● YOUR OBJECTIVE: I'd like the records transcribed exactly, leaving the images out.

Crawled caption data:

# # # # #

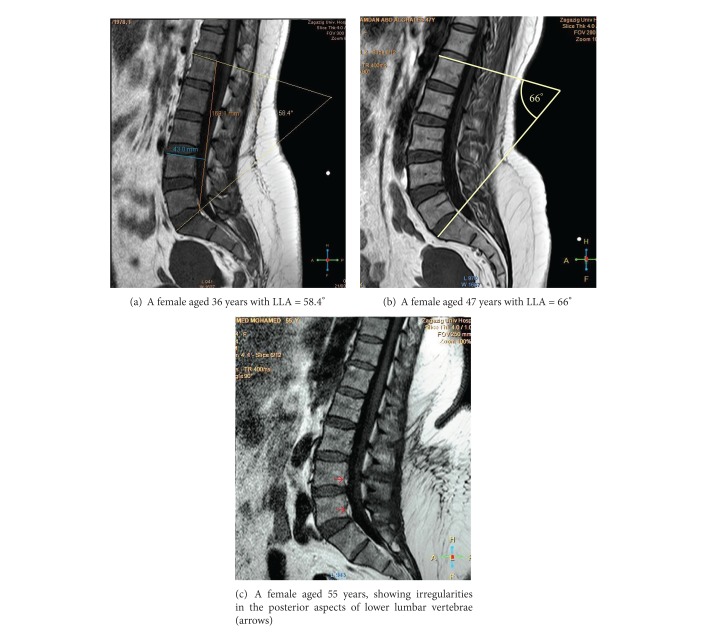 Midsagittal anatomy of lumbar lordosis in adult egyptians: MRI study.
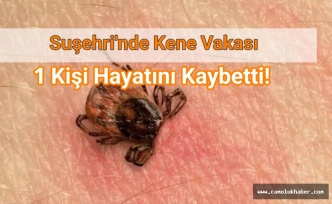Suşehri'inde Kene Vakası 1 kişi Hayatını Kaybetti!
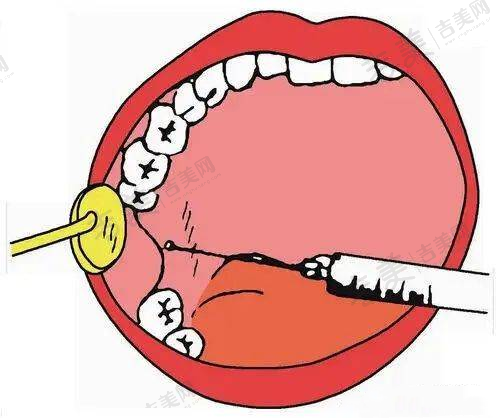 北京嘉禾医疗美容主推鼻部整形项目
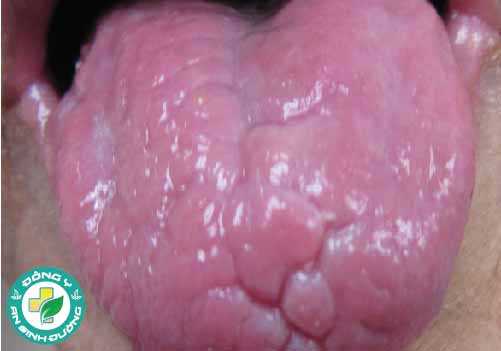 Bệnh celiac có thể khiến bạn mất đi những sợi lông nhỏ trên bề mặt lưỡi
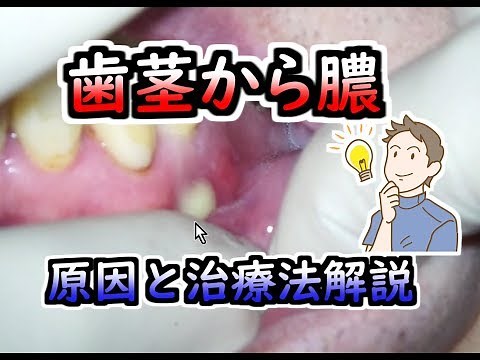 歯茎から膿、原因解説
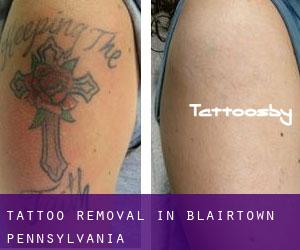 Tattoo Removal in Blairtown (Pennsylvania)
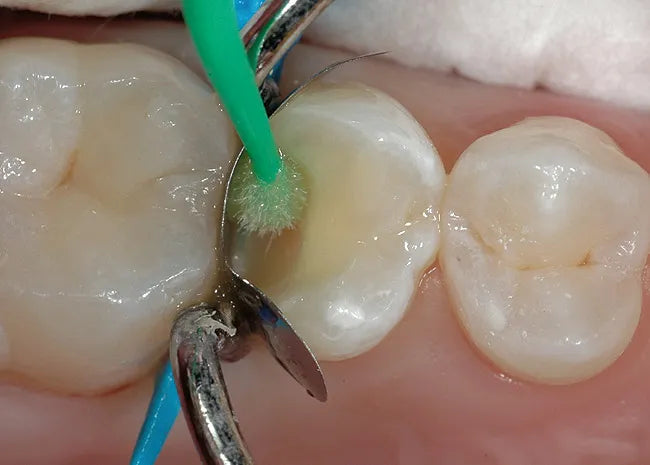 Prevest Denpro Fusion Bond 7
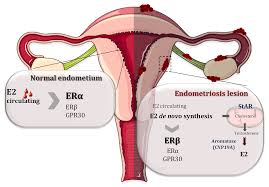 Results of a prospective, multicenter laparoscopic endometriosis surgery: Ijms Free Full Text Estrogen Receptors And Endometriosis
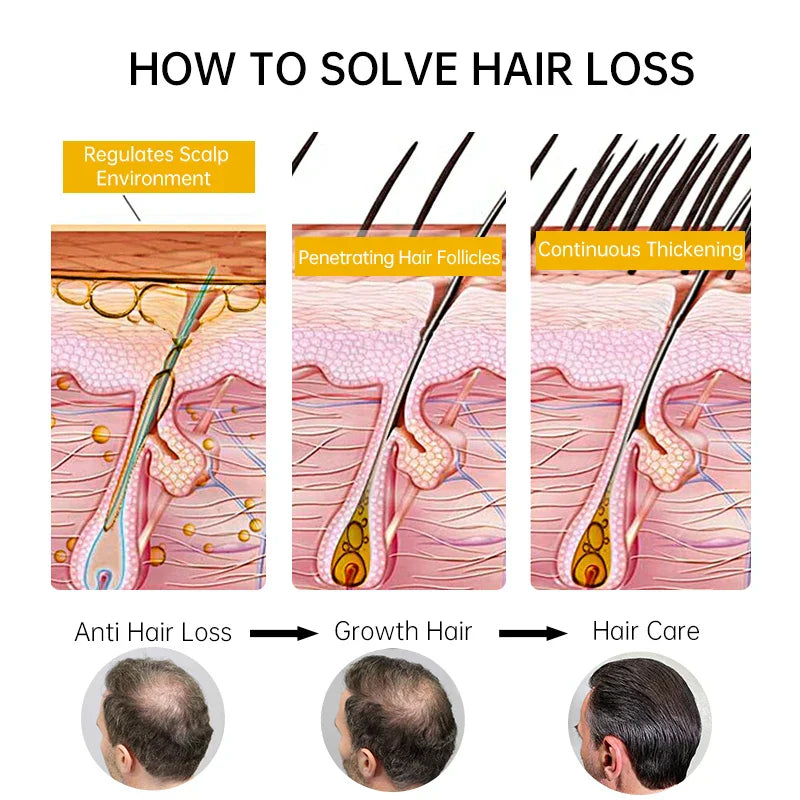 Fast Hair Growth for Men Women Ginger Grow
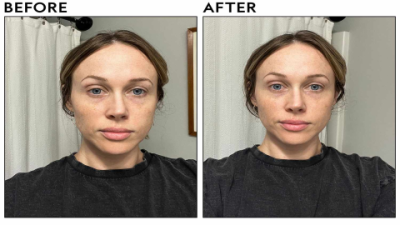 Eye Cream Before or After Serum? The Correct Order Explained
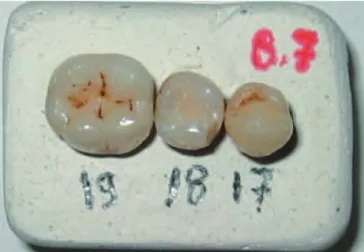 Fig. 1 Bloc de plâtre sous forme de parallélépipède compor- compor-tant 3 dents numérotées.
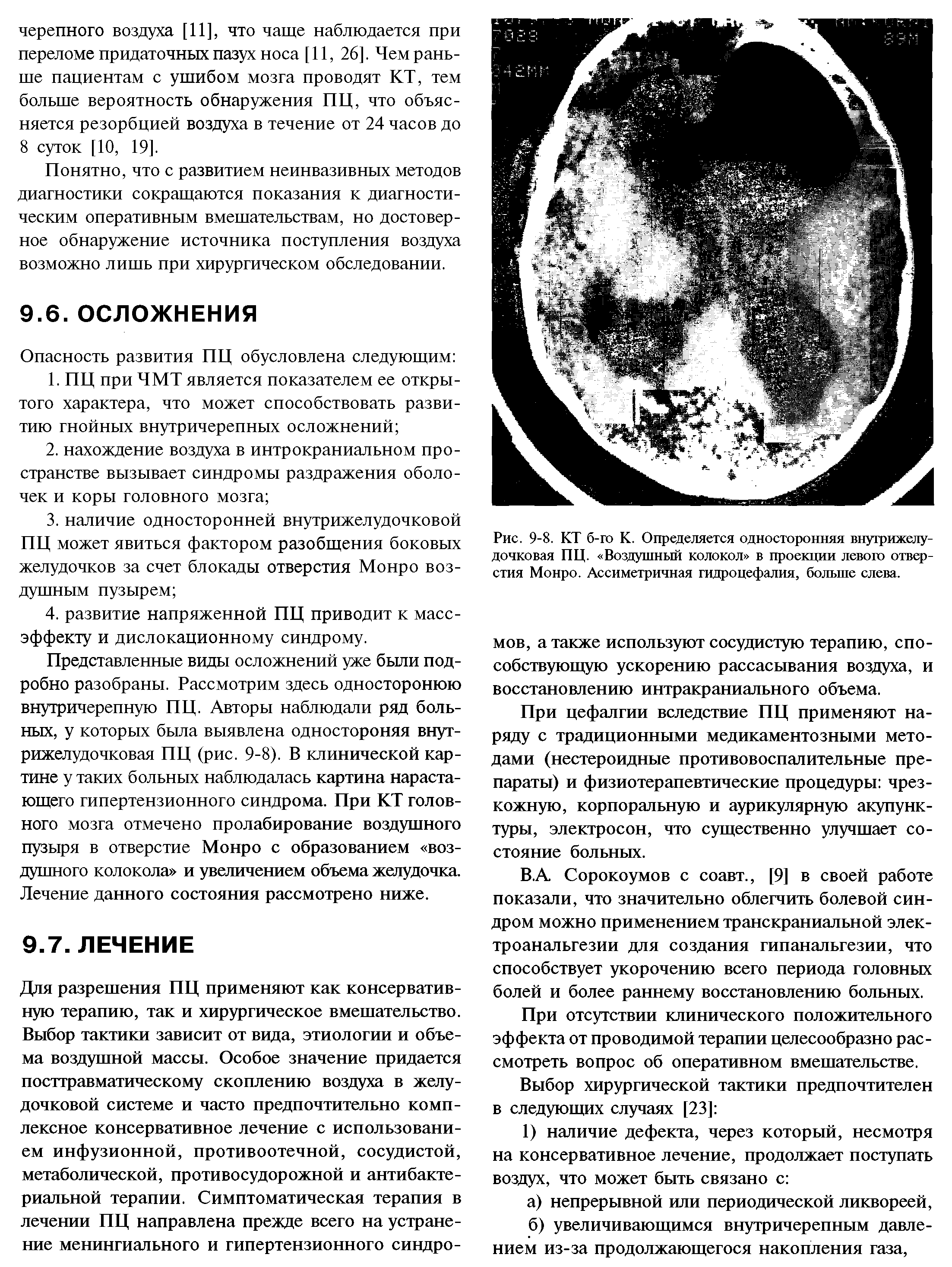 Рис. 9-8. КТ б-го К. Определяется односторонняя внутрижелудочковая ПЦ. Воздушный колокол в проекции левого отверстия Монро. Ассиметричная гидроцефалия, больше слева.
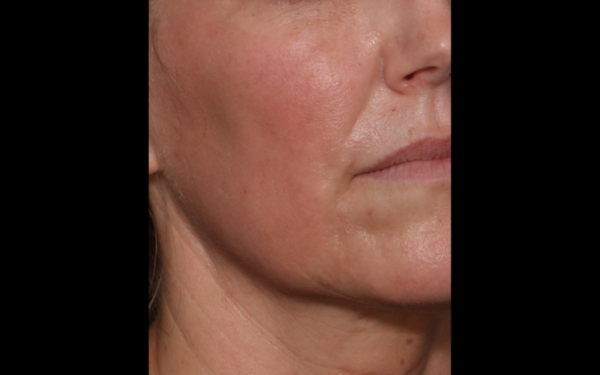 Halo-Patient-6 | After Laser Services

# # # # #

● REPLY TO THE EXERCISE:
 Midsagittal anatomy of lumbar lordosis in adult egyptians: MRI study.
Suşehri'inde Kene Vakası 1 kişi Hayatını Kaybetti!
 北京嘉禾医疗美容主推鼻部整形项目
 Bệnh celiac có thể khiến bạn mất đi những sợi lông nhỏ trên bề mặt lưỡi
 歯茎から膿、原因解説
 Tattoo Removal in Blairtown (Pennsylvania)
 Prevest Denpro Fusion Bond 7
 Results of a prospective, multicenter laparoscopic endometriosis surgery: Ijms Free Full Text Estrogen Receptors And Endometriosis
 Fast Hair Growth for Men Women Ginger Grow
 Eye Cream Before or After Serum? The Correct Order Explained
 Fig. 1 Bloc de plâtre sous forme de parallélépipède compor- compor-tant 3 dents numérotées.
 Рис. 9-8. КТ б-го К. Определяется односторонняя внутрижелудочковая ПЦ. Воздушный колокол в проекции левого отверстия Монро. Ассиметричная гидроцефалия, больше слева.
 Halo-Patient-6 | After Laser Services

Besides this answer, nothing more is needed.